Actual MOI is lower than expected when counting CFU in step 38.

Potential solution

• •While it is not unusual to obtain actual MOI of approximately half of the intended MOI, drastic or inconsistent differences between intended and actual MOIs could lead to poor T cell activation responses.
• •For unexpected or inconsistent low actual MOI based on colony counts, ensure all Mtb growth media and agarose reagents were prepared recently. Use freshly made and non-expired 7H10 plates, and use 7H9 liquid media that was prepared within 30 days. Ensure media contained all components. Also ensure adequate macrophage viability and distribution prior to infection.
• •Mold contamination of 7H10 plates during incubation can impair colony counts.

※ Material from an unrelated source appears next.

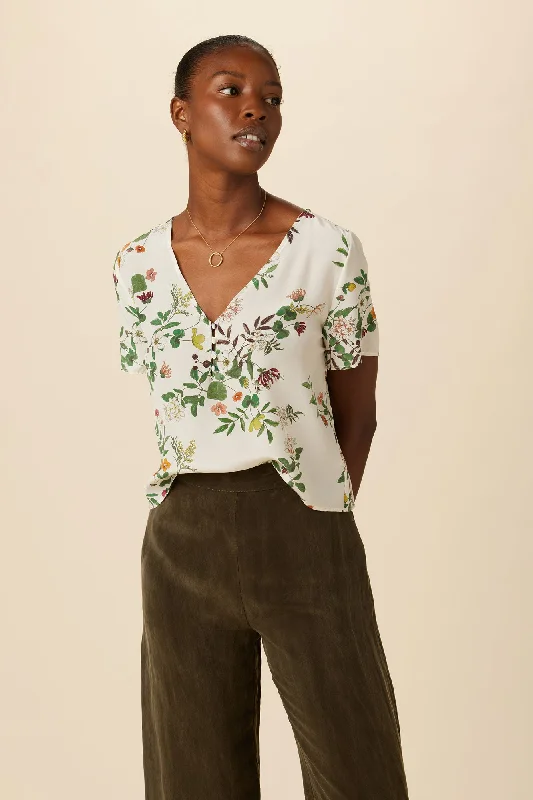 Willa Washable Silk Blouse - Silverwood Floral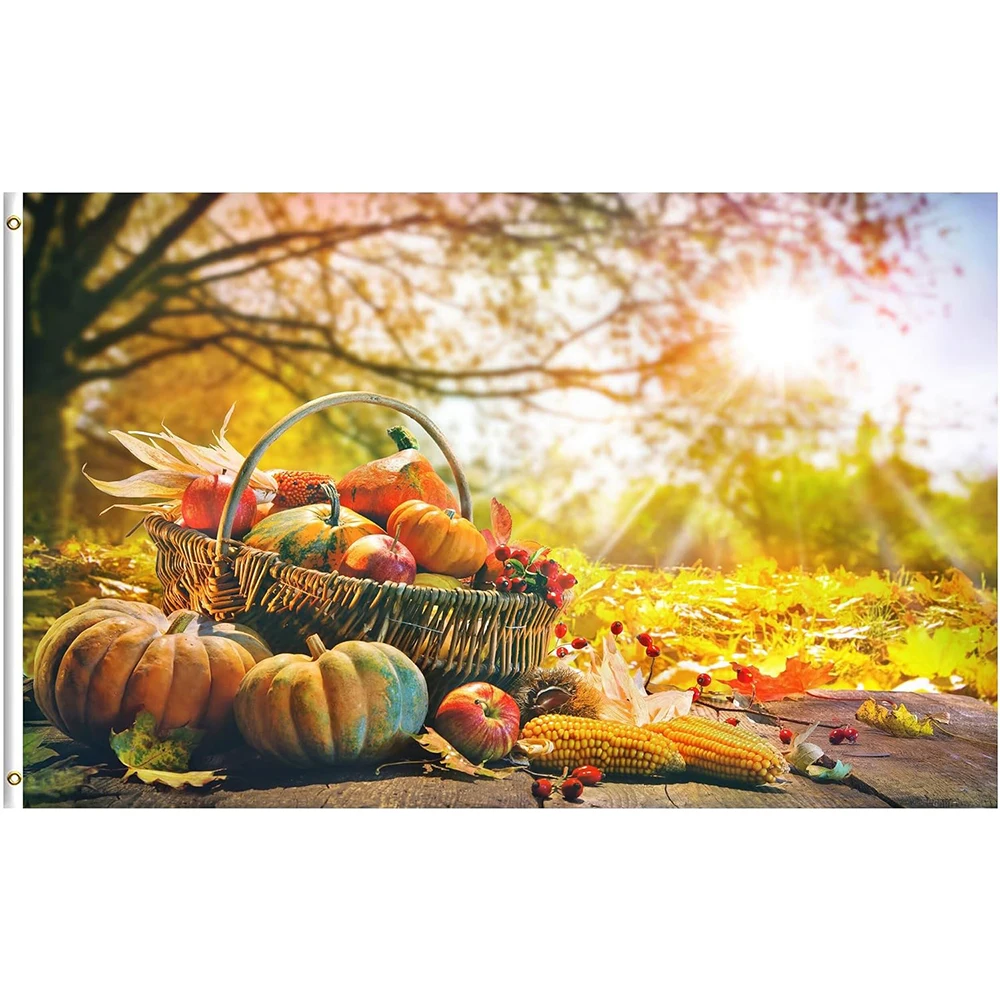 Flagicts 100% Polyester Thanksgiving Pumpkins Corn Berries Falling Flags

Mtb overgrowth can also make it difficult to distinguish individual colonies, resulting in a lower colony count and thus an artificially lower actual MOI.
• •If the actual MOI is consistently too low despite optimizing regent preparation, avoiding contamination, and accurate colony counts, you may have to adjust the calculation for bacterial concentration for intended MOI based on the OD₆₀₀ of the bacterial suspension in cRPMI in step 27. For example, if your initial estimate assumed an OD₆₀₀ of 0.25 equals 2.5 × 10⁷ CFU/mL, but colony counts yield only 20% of your intended MOI, then consider adjusting your calculation such that an OD₆₀₀ of 0.25 instead equals 0.5 × 10⁷ CFU/mL. Performing additional experiments to enumerate CFUs for Mtb-infected macrophages (prior to including the T cell activation assay) will allow you to refining this calculation using your lab equipment.

Resource availability

Lead contact

Further information and requests for resources and reagents should be directed to and will be fulfilled by the lead contact, Stephen Carpenter (sxc1507@case.edu).

Technical contact

Questions about the technical specifics of performing the protocol should be directed to and will be answered by the technical contact, Daniel Gail (dxg468@case.edu).

Materials availability

This study did not generate new reagents.

Data and code availability

• •The protocol contains all data generated/analyzed during the study.
• •This paper did not generate original code.
• •Any additional information required to reanalyze the data reported in this paper is available from the lead contact upon request.